With interest I watch my Germans contemporaries who take a good look at the Nazi past, at the time before our civilized world. Attending the commemoration ceremonies on the occasion of the anniversary of the liberation, at the Memorial for the reception camp Wöbbelin and at the Neuengamme Concentration Camp Memorial I learn how you can change from hating other people to respect for their otherness. This is shown in a beautiful manner, emphasizing the deep reflection necessary,often through the use of art.

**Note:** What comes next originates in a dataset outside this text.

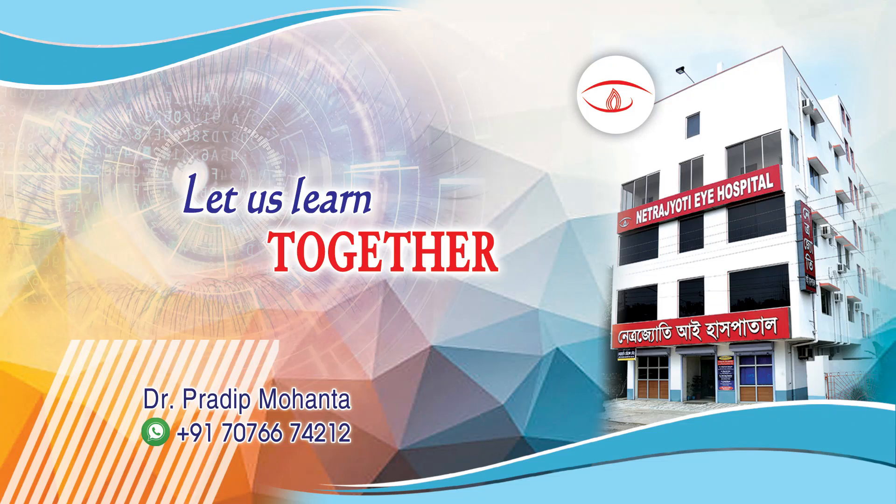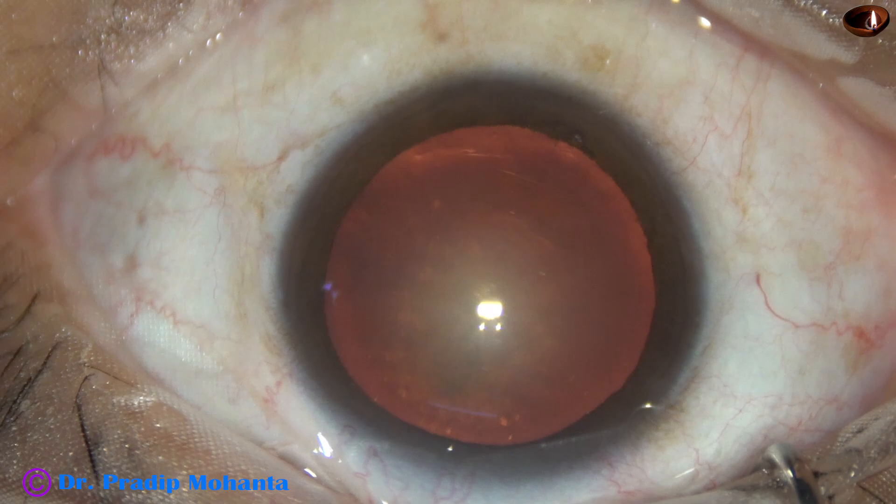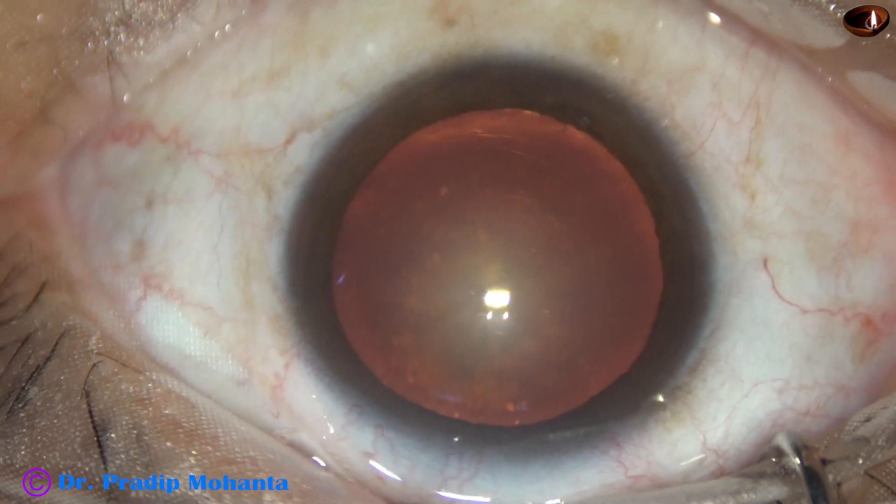Friends, welcome to my workplace at Ranak Heart, West Bengal, India. This is a posterior subcapsular cataract. Nuclear sclerosis is about grade 2. Let us observe this surgery.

To remember the former prisoners in the future, it could help to provide information ion flyers and in exhibitions also in different languages. To spread knowledge about the Neuengamme concentration camp the Memorial could send packages of information to the memorials in the prisoners‘ countries of origin and the transit camps from where  they were transported to the Neuengamme concentration camp (for example, Auschwitz in Poland). There should also be offered lessons in museums, adapted to the age of the students,where they receive material to take home, texts and illustrative pictures from the archives to be able to reflect everything when the moment has come.